* TASK TO COMPLETE: The output has to be the full set of records, reproduced exactly, minus any picture.

Segment Open

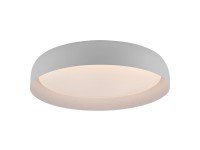 Just Light Stropní LED svítidlo Osko, 36,5W, 2700-5000K, bílá, pr. 57 cm Just Light Stropní LED svítidlo Osko, 36,5W, 2700-5000K, bílá, pr. 57 cm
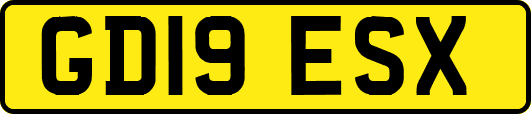 GD19ESX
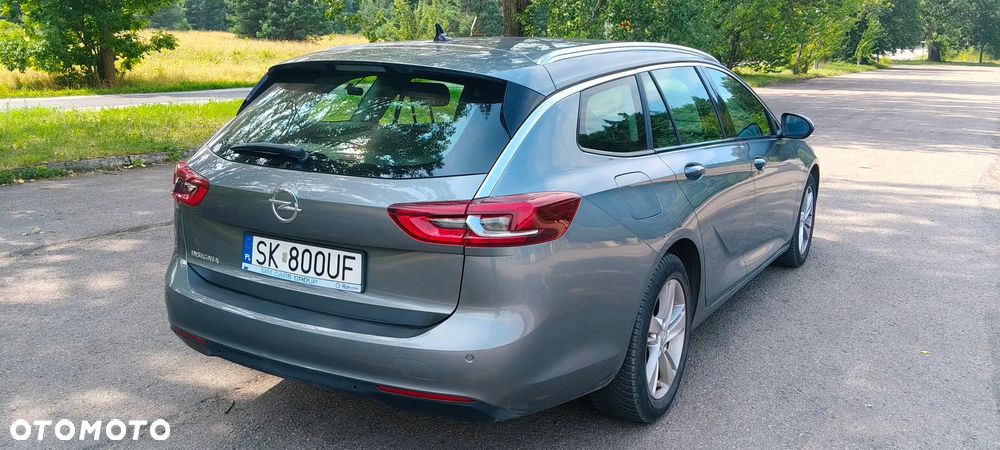 Opel Insignia 1.5 T Innovation S&S - 10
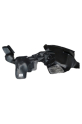 Jeep Wrangler Ön Çamurluk Davlumbazi Sağ 07 18 Sh0559R Oem5515711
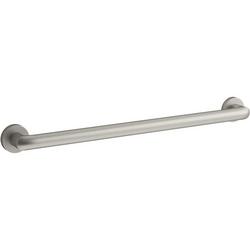 24 in. Grab Bar in Vibrant&reg; Brushed Nickel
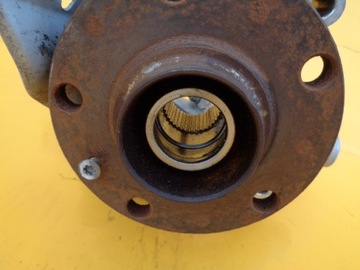 фото thumb №8, Bentley gt 2012 поворотна опора зад ліва важелі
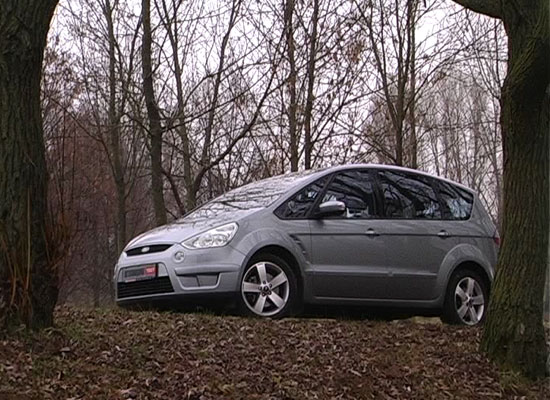 ford s-max ford s-max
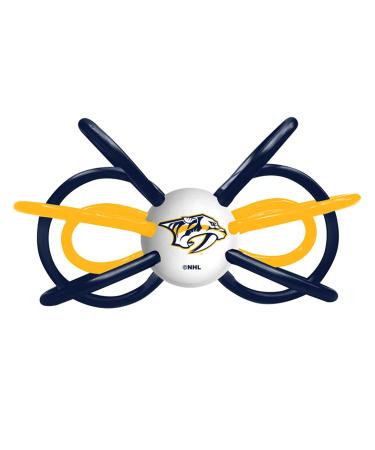 Baby Fanatic NHL Nashville Predators Sports Fan Toys and Games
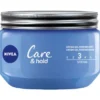 NIVEA STYLING CARE & HOLD CREMA GEL STRONG RIGENERANTE VASO 150 ML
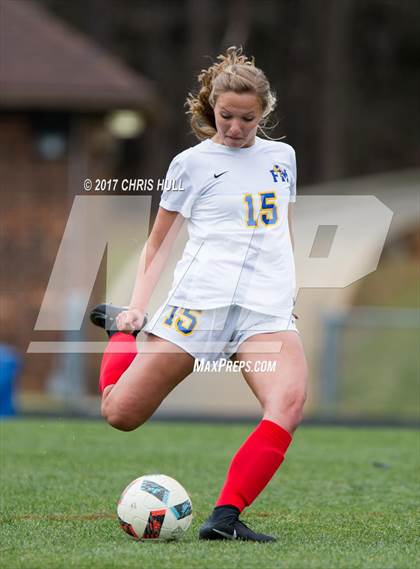 Thumbnail 1 in Hough vs. Fort Mill (Queen City Showcase) photogallery.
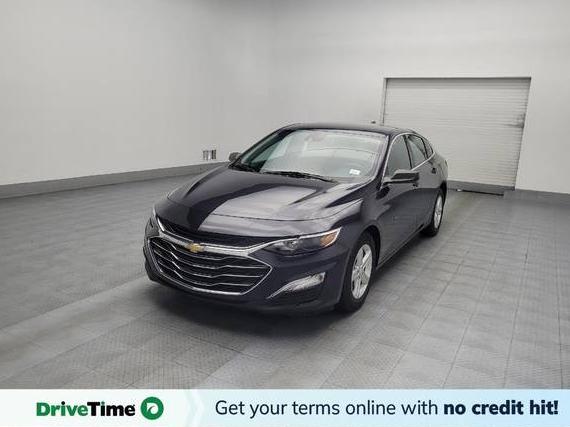 CHEVROLET MALIBU 2023 1G1ZB5ST8PF119470 image
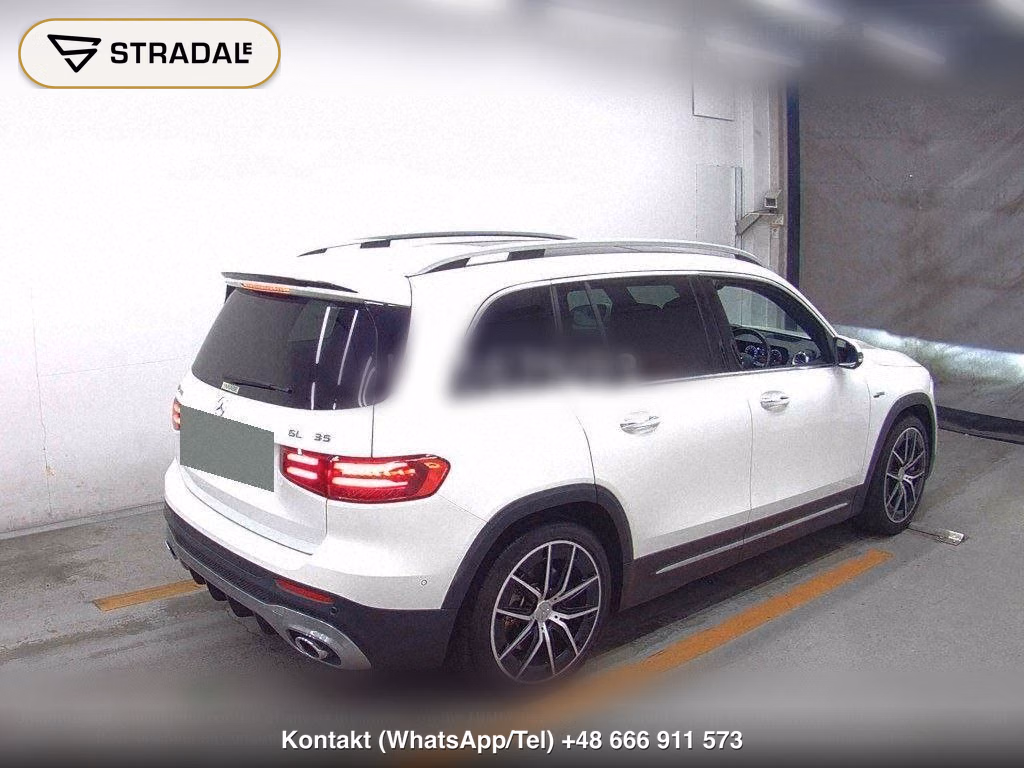 MERCEDES AMG GLB 4WD OTHERS, miniaturka 6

Segment Closed

* WRITTEN RESPONSE:
 Just Light Stropní LED svítidlo Osko, 36,5W, 2700-5000K, bílá, pr. 57 cm Just Light Stropní LED svítidlo Osko, 36,5W, 2700-5000K, bílá, pr. 57 cm
 GD19ESX
 Opel Insignia 1.5 T Innovation S&S - 10
 Jeep Wrangler Ön Çamurluk Davlumbazi Sağ 07 18 Sh0559R Oem5515711
 24 in. Grab Bar in Vibrant&reg; Brushed Nickel
 фото thumb №8, Bentley gt 2012 поворотна опора зад ліва важелі
 ford s-max ford s-max
 Baby Fanatic NHL Nashville Predators Sports Fan Toys and Games
 NIVEA STYLING CARE & HOLD CREMA GEL STRONG RIGENERANTE VASO 150 ML
 Thumbnail 1 in Hough vs. Fort Mill (Queen City Showcase) photogallery.
 CHEVROLET MALIBU 2023 1G1ZB5ST8PF119470 image
 MERCEDES AMG GLB 4WD OTHERS, miniaturka 6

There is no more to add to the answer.